How to complete this task:
Print exactly and only the lines that run from the one containing "Location Appartement 2" through the end of the material, please, omitting pictures.

Dataset section:
════════════════════

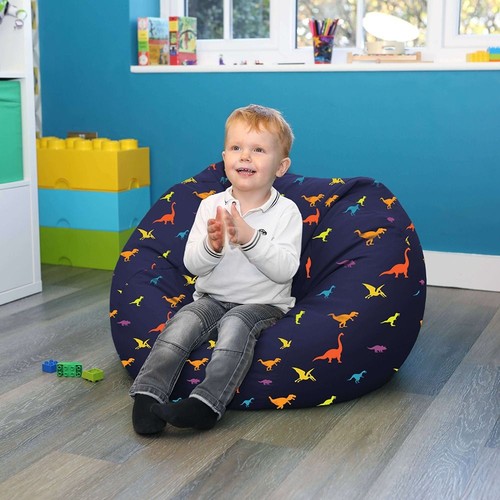 Kids dinosaur bean bag - bean, |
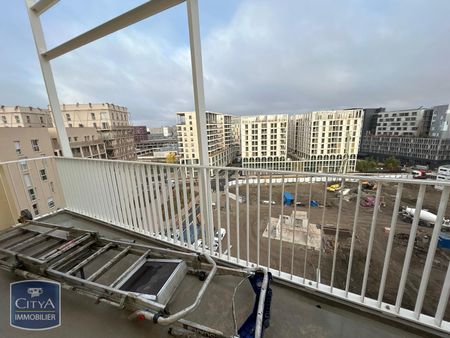 Location Appartement 2 pièces 48m² BORDEAUX 33000 - Photo 4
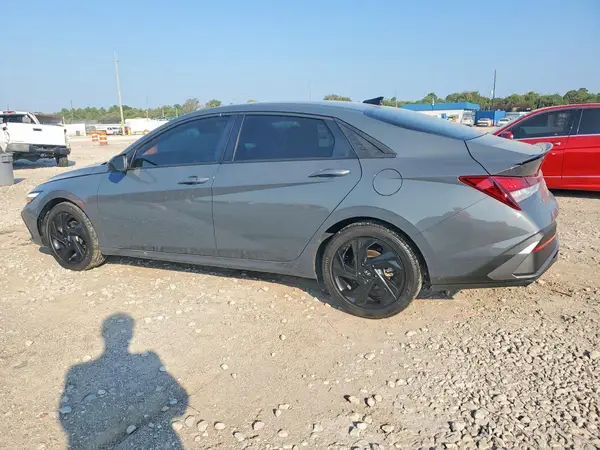 KMHLM4DG1TU192120 — 2026 Hyundai Elantra, фото 2 с аукциона Copart, Передняя часть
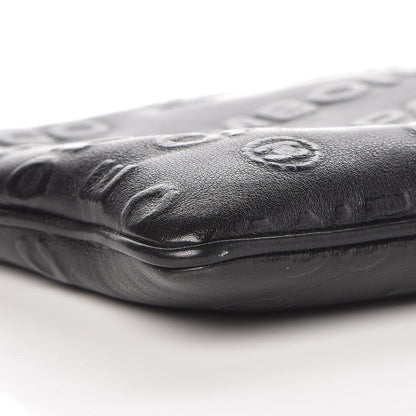 Chanel Calfskin Small Unlimited Pouch Black 8 of 10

════════════════════

Problem solution:
 Location Appartement 2 pièces 48m² BORDEAUX 33000 - Photo 4
 KMHLM4DG1TU192120 — 2026 Hyundai Elantra, фото 2 с аукциона Copart, Передняя часть
 Chanel Calfskin Small Unlimited Pouch Black 8 of 10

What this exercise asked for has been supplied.